Material provided:
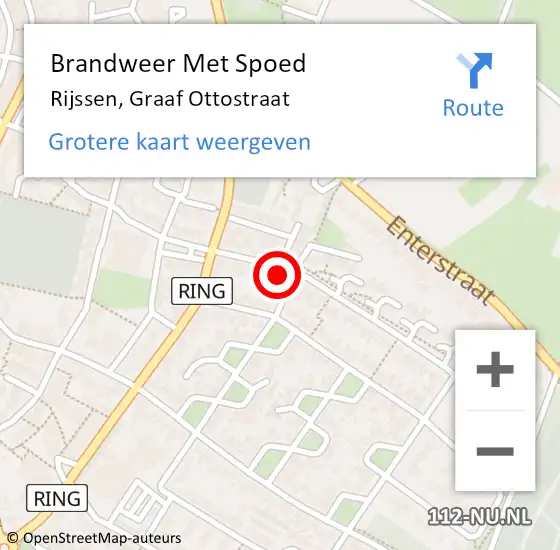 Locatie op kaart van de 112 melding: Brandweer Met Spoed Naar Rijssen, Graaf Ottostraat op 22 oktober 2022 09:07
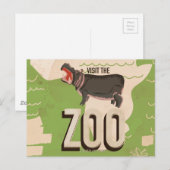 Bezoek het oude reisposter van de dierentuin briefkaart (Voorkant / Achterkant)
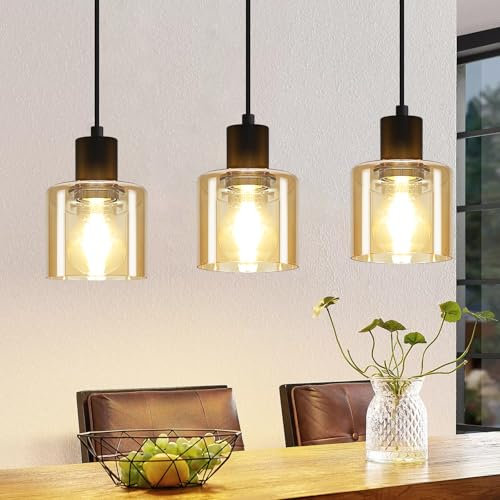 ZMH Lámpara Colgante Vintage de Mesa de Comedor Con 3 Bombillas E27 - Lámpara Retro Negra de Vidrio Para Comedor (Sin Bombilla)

What you are asked to do:
From the line containing "Bezoek het oude" down to the last line of the data above, transcribe exactly those lines and no others; omit the pictures.

Task answer:
 Bezoek het oude reisposter van de dierentuin briefkaart (Voorkant / Achterkant)
 ZMH Lámpara Colgante Vintage de Mesa de Comedor Con 3 Bombillas E27 - Lámpara Retro Negra de Vidrio Para Comedor (Sin Bombilla)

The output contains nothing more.